Reading Effectively for Study



Reading Effectively for Study

Reading for study is not the same activity as reading for pleasure, a fact that many students take a long, painful time to learn. In college, you are asked to read a great deal in a short time and to remember in detail what you have read. This is a new experience for most students coming to college.

Techniques for successful reading are numerous, but most boil down to a prescription for staying active in the reading process, questioning and interpreting as you read. Francis Robinson of Ohio State University has devised a technique called the SQ3R Reading Method, five steps for effective reading:

Survey, Question, Read, Recite, and Review

• By survey, he means taking an overview of the reading assignment to get a sense of its overall thrust.

• By question, he means asking yourself what the author is trying to get at, going after the who, what, when, why, and where of the subject.

• By read, he means carefully reading for meaning, noting main points and key ideas.

• By recite, he means stopping from time to time to recite to yourself from memory key ideas in the reading, rephrasing them in your own words.

• By review, he means looking over the chapter later, after you have read it, to refresh your memory and help the ideas you have read stick.

Professor Robinson's technique lays out the key processes you must go through to read successfully, even if you don't faithfully follow SQ3R. Whether you are reading a science textbook or a French novel, you should plan to scan it, question it, read it actively, rephrase its main ideas to yourself, and review it once you're finished. The most successful readers will read as if engaged in a one-on-one conversation, hearing the author out for a few sentences and then asking questions, clarifying claims or arguments, reviewing points that have been made. This is one of the reasons studying needs to be done in a quiet place without distractions -- you don't want your conversation with the author to be interrupted so you lose your train of thought.

Aids to memory while reading are legion, and different people thrive with different methods. The basic principle behind them all, however, is constant: stay intellectually engaged with the material. Perhaps the most durable aid to memory is notes taken while reading. It is also the most time-consuming. The idea is to take notes on main points, putting those points into your own words. The act of putting the material into your own words forces you to understand it; the act of writing it down reinforces your memory of it and distills it for study when you are preparing for a test.

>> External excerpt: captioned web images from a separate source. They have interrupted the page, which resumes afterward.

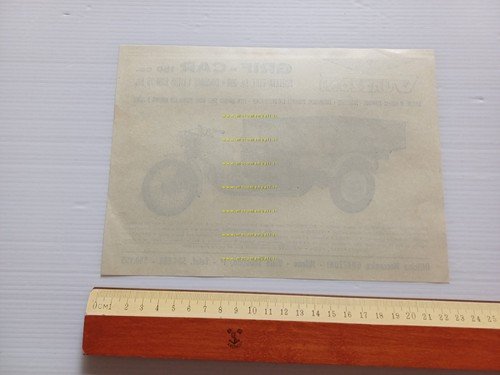 Guazzoni Grif-Car 150 motocarro depliant italiano originale
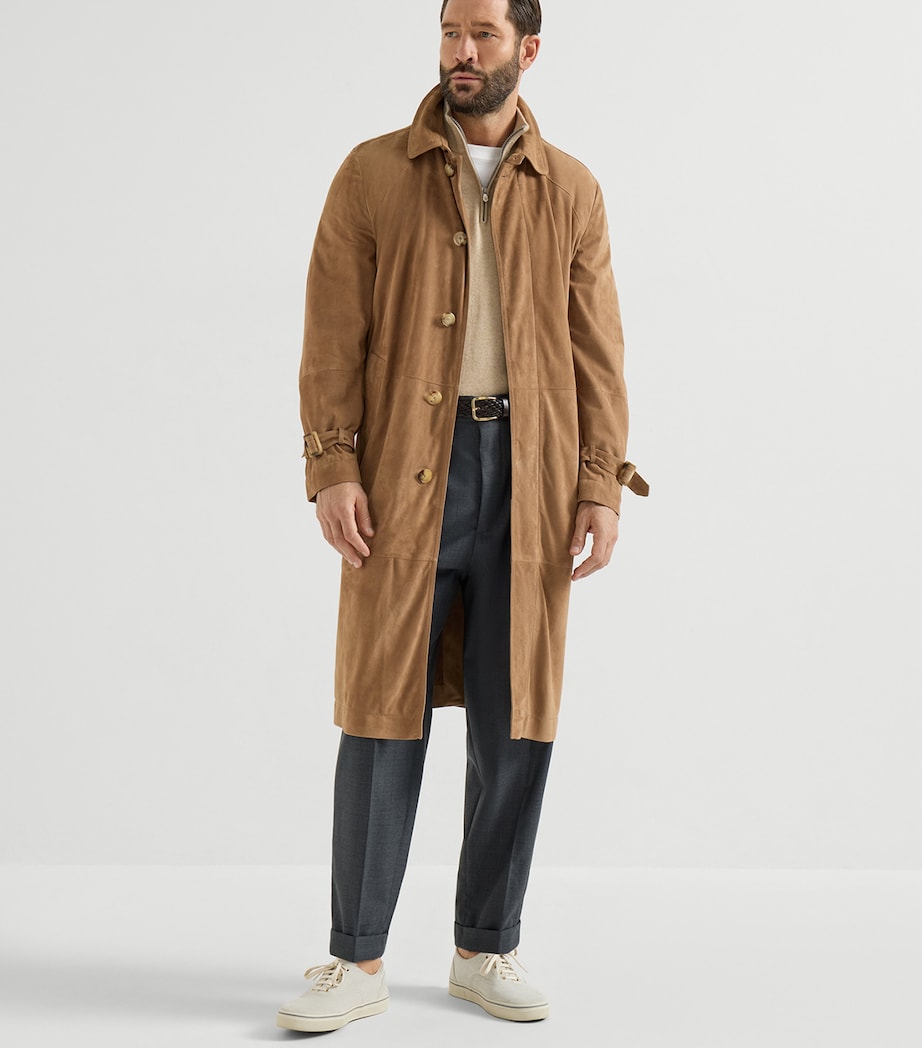 Brunello Cucinelli Mens Cashmere Quarter-Zip Sweater Image 5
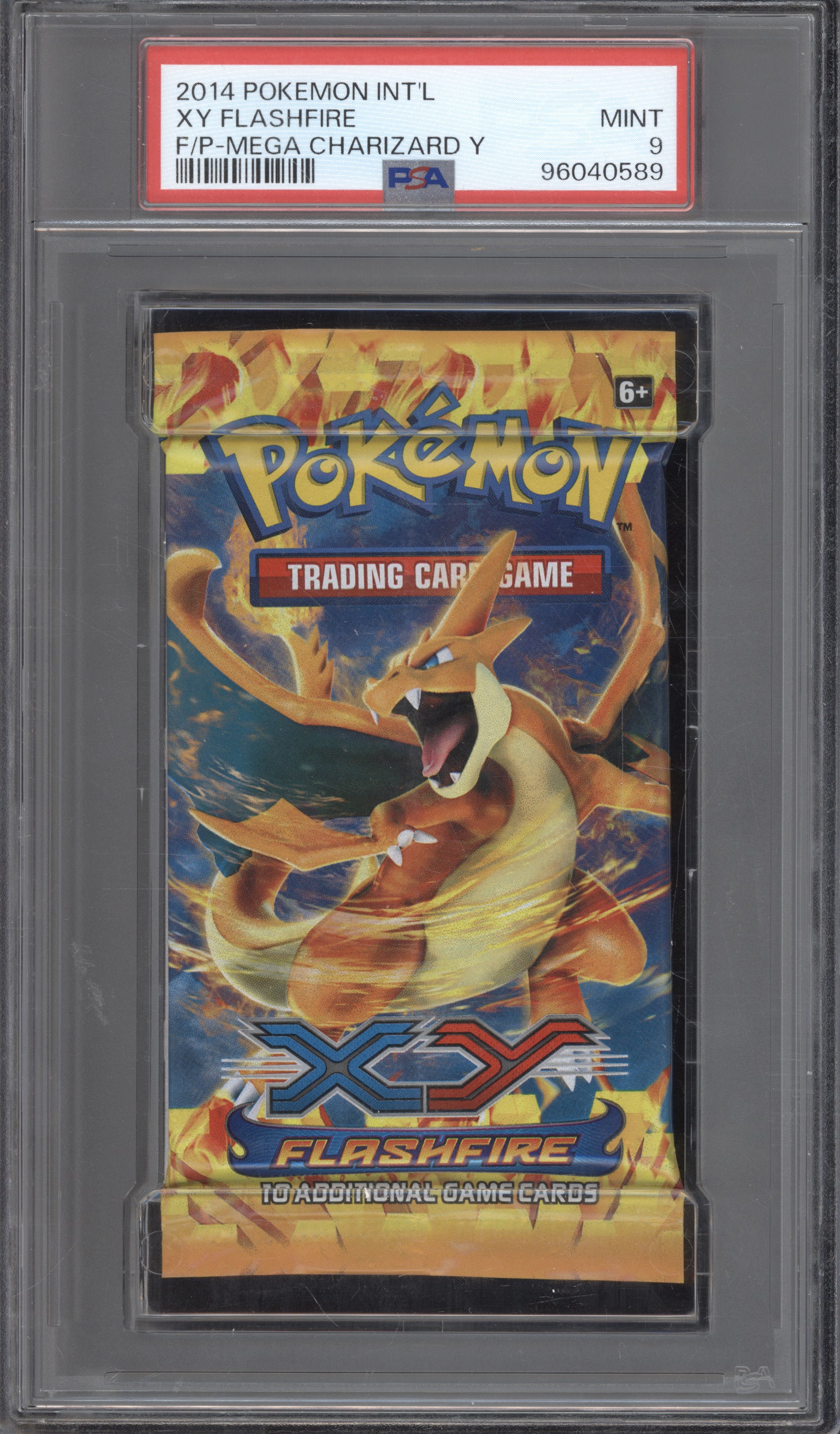 Mega Charizard Y 2014 Pokemon XY Flashfire Full Pack PSA 9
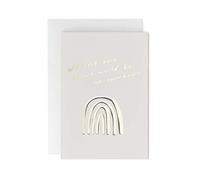 Old English Co. No Rain No Rainbows Greeting Card - Encouragement Friendship Card for Him or Her | Thinking of You or Just Because Card | Blank inside with envelope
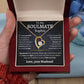 To My Soulmate | Feel My Love | Forever Love Necklace
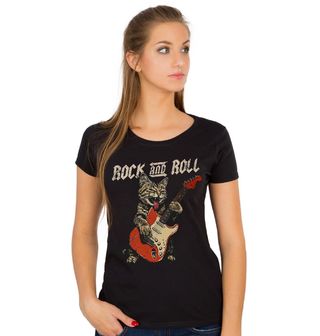 Obrázek 1 produktu Dámské tričko Drsná Kočka Rockerka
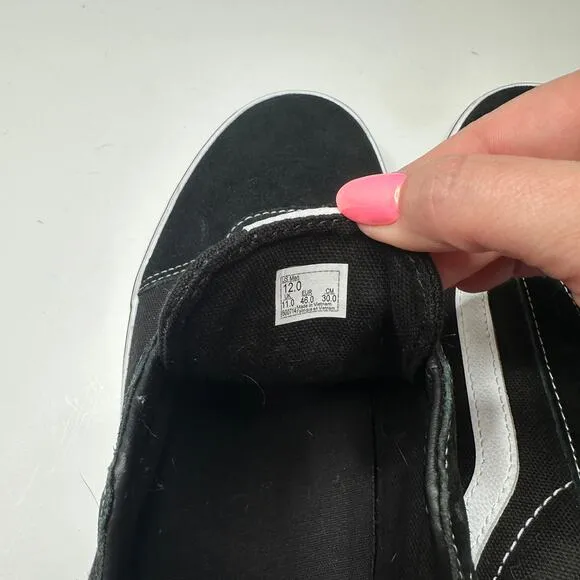 VANS Black White Old Skool Skate Sneakers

A much more common aid these days is highlighting (or the old standby, underlining). Since most students own their books, defacing them is not a problem. Highlighting can be an effective tool, particularly in preparing the book for review later. But it can also be an effective means for shutting off half your mind while studying. Highlighting can allow you to note main points as you speed read without really thinking about them, without putting them into your own words for understanding, and without integrating them into the sense of the chapter or book as a whole. If you use highlighting, then, be sure also to write notes or questions in the margin, or at least review what you have highlighted before you go on to something else to be sure you have captured the gist of what you have read.

Taking Effective Notes

Research shows that of all forms of memory, memory for what we have heard (as opposed to having seen or read) is least effective. We tend to forget what we have heard easily, and quickly. For this reason, it is essential to take notes in your classes so as to capture what you'd otherwise forget.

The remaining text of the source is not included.